Atropine is an anticholinergic medication that can be administered prior to bronchoscopy to decrease respiratory mucus secretions and promote bronchodilation.  Anticholinergic drugs competitively inhibit the muscarinic acetylcholine receptor both centrally (leading to delirium, coma, and respiratory failure) and peripherally (see toxidrome in table).  The elderly are at particularly high risk of developing anticholinergic toxicity, likely due to decreased renal and hepatic clearance.

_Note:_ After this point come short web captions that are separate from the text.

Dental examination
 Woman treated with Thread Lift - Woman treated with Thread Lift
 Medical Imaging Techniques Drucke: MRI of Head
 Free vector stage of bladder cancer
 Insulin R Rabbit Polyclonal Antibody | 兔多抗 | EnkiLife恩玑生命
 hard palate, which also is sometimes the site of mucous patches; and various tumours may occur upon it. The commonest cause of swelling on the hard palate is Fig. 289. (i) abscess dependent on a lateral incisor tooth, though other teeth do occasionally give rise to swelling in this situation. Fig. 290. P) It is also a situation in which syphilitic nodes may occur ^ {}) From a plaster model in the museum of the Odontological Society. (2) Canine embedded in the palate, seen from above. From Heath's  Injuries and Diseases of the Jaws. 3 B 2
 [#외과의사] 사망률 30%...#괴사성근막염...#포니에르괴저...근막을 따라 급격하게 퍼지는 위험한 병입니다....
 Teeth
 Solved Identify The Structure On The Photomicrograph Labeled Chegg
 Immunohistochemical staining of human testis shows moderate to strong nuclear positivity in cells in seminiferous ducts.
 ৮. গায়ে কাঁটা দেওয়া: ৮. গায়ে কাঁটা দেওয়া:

Cholinesterase inhibitors overcome this toxicity by inhibiting the degradation of acetylcholine, thereby increasing the concentration of acetylcholine at the synaptic cleft.  Central nervous system (CNS) penetration and reversal of central symptoms are dependent on chemical structure:

  • Tertiary amines (eg, physostigmine, galantamine, donepezil, rivastigmine) are lipophilic (nonpolar) and can easily cross the blood-brain barrier to reverse both central and peripheral symptoms.

  • Quaternary amines (eg, neostigmine, edrophonium, pyridostigmine) are hydrophilic (polarized) and do not readily cross the blood-brain barrier.  These drugs reverse peripheral symptoms only (Choices B and D).

(Choices A and C)  Both diazepam and haloperidol can be used for sedation or cases of severe agitation.  Haloperidol is an antipsychotic that blocks dopamine receptors in the CNS, and diazepam is a long-acting benzodiazepine that positively modulates GABA-A activity.  Neither medication reverses the peripheral anticholinergic manifestations (eg, mydriasis, tachycardia).

Educational objective:
Physostigmine is a cholinesterase inhibitor with a tertiary ammonium structure that can reverse both the central and peripheral nervous system symptoms of anticholinergic toxicity.  Neostigmine, edrophonium, and pyridostigmine have a quaternary ammonium structure that limits central nervous system penetration.